Budget 2015 : les balises du CDH

Intevention de Benoît Cerexhe dans le cadre du débat parlementaire sur le budget 2015 de la Région bruxelloise.

 

Mesdames, Messieurs les Ministres, Chers Collègues,

 

Avant toutes choses, et d’en venir à l’édition 2015 de notre Budget régional, je voudrais revenir une nouvelle fois sur cette fameuse VIème réforme de l’Etat et ses conséquences pour notre Région. Si je me permets d’introduire l’intervention du groupe CDH par ce bref rappel, c’est pour nous féliciter de la manière dont les francophones - et les Bruxellois au sein de ces formations, plus particulièrement  - ont pu négocier cette réforme. Le meilleur financement de Bruxelles que nous avons pu obtenir nous permet aujourd’hui de traverser les moments difficiles que traverse la Belgique sur le plan social, sur le plan économique, sur le plan budgétaire, …, sans que l’on ne touche, dans l’exercice de nos propres compétences, au pouvoir d’achat des ménages ni des classes moyennes à Bruxelles. Je me permettrai d’ailleurs une petite incise, à la lecture de l’exposé général que vous nous avez présenté.  Une petite incise, car il est toujours bon de rappeler à celles et ceux qui continuent de l’extérieur à considérer que notre Région serait mal gérée,  - de rappeler donc - que sur les dix dernières années, de toutes les entités du pays c’est bien en Région  bruxelloise que l’on performe le mieux, et notamment sur ce fameux plan « socio-économique » si cher à nos gouvernants fédéraux.

Ainsi à titre d’exemple :

  1. Un chômage des jeunes en nette diminution de plus de 30 %, et ce malgré l’explosion démographique ;
  2. Plus de 10.000 créations d’entreprises encore l’année dernière, malgré la crise que nous continuons de connaître ;
  3. Sur les dix dernières années, la Région bruxelloise a proportionnellement mis, deux fois plus de Bruxellois à l’emploi (soit 70.000) que la Wallonie et la Flandre.
  4. En matière de postes d’emploi occupées quotidiennement, il y avait en Région bruxelloise moins de 650.000 emplois en 2004 ; en 2013, ils étaient près de 710.00.

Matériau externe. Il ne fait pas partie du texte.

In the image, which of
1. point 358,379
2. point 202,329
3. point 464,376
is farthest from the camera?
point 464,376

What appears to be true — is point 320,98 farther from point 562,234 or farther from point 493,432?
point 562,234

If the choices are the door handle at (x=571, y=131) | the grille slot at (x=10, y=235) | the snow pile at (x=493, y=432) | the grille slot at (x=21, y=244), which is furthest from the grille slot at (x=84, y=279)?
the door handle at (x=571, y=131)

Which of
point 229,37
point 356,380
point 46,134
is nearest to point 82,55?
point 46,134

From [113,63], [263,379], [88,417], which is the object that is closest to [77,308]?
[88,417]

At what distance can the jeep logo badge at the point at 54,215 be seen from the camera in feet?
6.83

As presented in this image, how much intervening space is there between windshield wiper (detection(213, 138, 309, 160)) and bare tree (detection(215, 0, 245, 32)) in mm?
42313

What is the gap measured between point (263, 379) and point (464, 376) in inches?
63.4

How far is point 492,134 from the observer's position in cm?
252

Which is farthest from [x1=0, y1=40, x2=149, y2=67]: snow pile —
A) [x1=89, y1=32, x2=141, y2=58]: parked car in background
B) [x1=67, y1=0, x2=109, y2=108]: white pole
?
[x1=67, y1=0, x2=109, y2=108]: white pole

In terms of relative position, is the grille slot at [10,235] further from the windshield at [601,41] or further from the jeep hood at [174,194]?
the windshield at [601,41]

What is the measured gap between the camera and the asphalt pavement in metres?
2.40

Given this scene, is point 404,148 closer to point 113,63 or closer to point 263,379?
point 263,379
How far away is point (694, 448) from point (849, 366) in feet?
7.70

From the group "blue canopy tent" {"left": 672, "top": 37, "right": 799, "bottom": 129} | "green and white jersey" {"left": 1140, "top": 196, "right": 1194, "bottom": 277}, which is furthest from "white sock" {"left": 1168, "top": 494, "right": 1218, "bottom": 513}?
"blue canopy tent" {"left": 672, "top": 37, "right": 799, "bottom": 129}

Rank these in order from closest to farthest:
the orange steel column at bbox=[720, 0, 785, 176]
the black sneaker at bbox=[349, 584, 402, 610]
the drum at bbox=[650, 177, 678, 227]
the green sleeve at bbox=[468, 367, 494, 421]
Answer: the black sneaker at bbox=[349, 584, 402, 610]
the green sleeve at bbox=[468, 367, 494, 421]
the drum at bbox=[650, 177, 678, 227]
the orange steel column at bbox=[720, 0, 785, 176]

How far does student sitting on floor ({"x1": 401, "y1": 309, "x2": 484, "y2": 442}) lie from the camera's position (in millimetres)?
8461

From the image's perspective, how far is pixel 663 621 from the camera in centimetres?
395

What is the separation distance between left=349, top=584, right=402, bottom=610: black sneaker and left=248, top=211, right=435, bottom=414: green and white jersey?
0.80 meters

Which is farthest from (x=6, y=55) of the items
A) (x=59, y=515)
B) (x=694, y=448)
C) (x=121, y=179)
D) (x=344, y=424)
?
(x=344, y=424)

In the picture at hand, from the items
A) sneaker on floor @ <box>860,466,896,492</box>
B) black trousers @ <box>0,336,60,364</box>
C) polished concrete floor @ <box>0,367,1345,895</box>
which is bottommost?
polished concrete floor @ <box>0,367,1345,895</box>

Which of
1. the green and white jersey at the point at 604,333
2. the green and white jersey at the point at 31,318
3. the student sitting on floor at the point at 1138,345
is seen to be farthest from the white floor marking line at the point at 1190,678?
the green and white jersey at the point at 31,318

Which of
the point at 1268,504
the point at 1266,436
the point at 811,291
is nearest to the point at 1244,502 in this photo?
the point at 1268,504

Ce ne sont là que quelques exemples, toujours bons à rappeler, et qui viennent illustrer la qualité de la gestion de notre Région.  En équilibre, s’appuyant sur des estimations de recettes prudentes, ce budget 2015 s’inscrit, malgré le contexte socio-économique difficile, dans cette continuité de saine gestion.

Et ce, sans que l’on n’ait touché d’aucune manière que ce soit au pouvoir d’achat des ménages et des familles bruxelloises. Pas de taxes nouvelles. Pas de réduction des avantages fiscaux bénéfiques aux familles, comme ceux qui favorisent le recours aux titres-service et à l’acquisition d’un premier bien immobilier grâce au Bonus Logement.  Maintien intégral des allocations familiales.  Pas de coupes sombres dans la Culture et le tourisme. Pas de coupes sombres à la STIB comme celles enregistrées à la SNCB.  Mieux même, les politiques vitales pour le développement de notre Région – comme le Logement, l’Emploi, la Mobilité, la Recherche scientifique, la Rénovation urbaine - voient leurs budgets dotés de moyens complémentaires nouveaux.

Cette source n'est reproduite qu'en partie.